_Task item_
Please find all lines in the data that hold the string "gothic" and copy them.

(Data for the task)

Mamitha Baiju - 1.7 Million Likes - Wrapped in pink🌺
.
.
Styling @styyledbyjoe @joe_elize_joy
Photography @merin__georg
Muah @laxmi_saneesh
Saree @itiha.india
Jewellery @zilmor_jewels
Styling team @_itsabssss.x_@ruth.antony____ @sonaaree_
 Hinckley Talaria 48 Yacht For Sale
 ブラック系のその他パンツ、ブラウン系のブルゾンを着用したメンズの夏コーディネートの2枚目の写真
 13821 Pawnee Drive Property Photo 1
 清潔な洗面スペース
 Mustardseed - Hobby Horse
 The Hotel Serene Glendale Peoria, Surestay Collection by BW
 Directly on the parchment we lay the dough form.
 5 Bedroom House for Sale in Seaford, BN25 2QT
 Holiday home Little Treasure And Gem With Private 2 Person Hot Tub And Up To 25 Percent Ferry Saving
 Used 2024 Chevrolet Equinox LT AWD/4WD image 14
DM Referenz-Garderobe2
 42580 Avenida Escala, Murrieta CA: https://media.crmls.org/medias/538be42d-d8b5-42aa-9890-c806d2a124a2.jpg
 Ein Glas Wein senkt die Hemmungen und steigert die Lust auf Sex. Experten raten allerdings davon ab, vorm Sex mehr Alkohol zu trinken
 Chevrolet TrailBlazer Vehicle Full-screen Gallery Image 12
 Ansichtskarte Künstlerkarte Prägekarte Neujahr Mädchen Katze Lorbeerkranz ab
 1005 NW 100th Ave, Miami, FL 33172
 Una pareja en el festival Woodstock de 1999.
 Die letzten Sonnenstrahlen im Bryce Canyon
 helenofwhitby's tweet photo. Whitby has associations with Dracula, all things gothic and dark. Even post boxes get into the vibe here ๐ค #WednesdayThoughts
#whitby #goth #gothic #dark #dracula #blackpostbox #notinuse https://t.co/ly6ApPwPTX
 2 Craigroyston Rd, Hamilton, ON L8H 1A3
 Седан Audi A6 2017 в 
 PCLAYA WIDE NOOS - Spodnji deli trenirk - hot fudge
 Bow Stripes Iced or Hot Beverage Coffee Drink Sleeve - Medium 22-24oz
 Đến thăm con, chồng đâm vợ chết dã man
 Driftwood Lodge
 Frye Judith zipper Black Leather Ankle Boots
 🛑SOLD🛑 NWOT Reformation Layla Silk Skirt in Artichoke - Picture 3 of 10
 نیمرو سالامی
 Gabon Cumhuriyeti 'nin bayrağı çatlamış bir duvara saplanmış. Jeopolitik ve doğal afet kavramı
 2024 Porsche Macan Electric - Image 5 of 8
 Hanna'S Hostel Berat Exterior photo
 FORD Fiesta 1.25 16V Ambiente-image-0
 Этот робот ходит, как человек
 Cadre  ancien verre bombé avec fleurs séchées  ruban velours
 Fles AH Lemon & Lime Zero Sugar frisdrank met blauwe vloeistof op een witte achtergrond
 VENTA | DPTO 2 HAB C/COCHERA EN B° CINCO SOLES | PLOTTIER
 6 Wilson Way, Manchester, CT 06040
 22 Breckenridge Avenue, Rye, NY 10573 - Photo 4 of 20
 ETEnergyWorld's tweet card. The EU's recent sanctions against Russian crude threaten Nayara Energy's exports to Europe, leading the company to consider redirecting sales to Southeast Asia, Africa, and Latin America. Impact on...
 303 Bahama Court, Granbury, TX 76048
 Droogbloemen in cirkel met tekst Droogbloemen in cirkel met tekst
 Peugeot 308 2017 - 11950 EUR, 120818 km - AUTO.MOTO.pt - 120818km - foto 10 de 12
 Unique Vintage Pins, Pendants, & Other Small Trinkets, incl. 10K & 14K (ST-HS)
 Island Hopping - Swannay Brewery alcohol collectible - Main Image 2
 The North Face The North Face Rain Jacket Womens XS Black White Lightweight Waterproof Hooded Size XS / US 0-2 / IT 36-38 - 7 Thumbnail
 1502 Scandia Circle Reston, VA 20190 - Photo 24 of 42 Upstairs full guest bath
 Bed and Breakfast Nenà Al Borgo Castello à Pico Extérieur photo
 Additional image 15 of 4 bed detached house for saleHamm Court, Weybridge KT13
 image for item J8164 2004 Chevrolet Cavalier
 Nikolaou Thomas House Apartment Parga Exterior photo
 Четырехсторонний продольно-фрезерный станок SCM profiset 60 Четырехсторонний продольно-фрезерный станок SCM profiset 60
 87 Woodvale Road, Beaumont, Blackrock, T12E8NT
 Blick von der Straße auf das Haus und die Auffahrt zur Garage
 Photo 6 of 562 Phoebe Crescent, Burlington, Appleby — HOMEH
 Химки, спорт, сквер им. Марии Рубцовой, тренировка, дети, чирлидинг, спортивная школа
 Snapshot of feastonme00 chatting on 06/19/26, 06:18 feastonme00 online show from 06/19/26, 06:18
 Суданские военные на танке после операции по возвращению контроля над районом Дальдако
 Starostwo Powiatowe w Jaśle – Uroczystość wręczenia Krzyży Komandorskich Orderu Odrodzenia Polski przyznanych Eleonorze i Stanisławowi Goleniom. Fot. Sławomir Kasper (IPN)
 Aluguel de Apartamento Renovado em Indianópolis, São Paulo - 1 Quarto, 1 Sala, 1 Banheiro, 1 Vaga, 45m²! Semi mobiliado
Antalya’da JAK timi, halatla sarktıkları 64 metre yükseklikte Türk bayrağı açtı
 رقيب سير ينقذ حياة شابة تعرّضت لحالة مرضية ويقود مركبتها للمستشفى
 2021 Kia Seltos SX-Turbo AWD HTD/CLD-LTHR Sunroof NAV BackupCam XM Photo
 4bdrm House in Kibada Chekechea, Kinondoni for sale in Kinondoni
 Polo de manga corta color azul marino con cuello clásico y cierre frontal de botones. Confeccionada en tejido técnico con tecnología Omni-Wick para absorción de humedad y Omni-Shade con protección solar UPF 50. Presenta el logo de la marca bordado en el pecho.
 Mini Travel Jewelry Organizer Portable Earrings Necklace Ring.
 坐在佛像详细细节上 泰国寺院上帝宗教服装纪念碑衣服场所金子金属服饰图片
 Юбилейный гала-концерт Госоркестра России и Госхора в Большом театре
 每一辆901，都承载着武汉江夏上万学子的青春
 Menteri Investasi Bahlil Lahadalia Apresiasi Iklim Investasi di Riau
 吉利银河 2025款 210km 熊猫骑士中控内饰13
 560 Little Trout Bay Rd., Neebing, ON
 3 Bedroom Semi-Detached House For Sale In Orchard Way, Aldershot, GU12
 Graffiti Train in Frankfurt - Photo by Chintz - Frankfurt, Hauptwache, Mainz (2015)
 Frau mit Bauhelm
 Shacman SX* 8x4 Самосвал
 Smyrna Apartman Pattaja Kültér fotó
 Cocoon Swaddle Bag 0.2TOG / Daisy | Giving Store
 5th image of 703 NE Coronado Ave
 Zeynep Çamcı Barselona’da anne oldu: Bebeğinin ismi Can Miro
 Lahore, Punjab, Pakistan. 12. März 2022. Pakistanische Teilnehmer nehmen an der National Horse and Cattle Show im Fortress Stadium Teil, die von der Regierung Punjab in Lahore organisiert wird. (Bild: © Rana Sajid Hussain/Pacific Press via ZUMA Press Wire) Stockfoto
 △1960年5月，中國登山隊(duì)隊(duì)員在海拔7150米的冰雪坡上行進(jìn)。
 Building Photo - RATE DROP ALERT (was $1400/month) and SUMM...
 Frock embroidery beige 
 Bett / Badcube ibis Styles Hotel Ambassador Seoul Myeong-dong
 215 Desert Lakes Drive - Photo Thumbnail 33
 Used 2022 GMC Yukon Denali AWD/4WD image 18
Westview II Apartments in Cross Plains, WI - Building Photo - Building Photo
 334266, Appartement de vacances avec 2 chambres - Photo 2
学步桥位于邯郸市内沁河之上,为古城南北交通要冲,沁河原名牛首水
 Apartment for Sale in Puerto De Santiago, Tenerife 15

(End Data for the task)

_Response to the exercise_
 helenofwhitby's tweet photo. Whitby has associations with Dracula, all things gothic and dark. Even post boxes get into the vibe here ๐ค #WednesdayThoughts
#whitby #goth #gothic #dark #dracula #blackpostbox #notinuse https://t.co/ly6ApPwPTX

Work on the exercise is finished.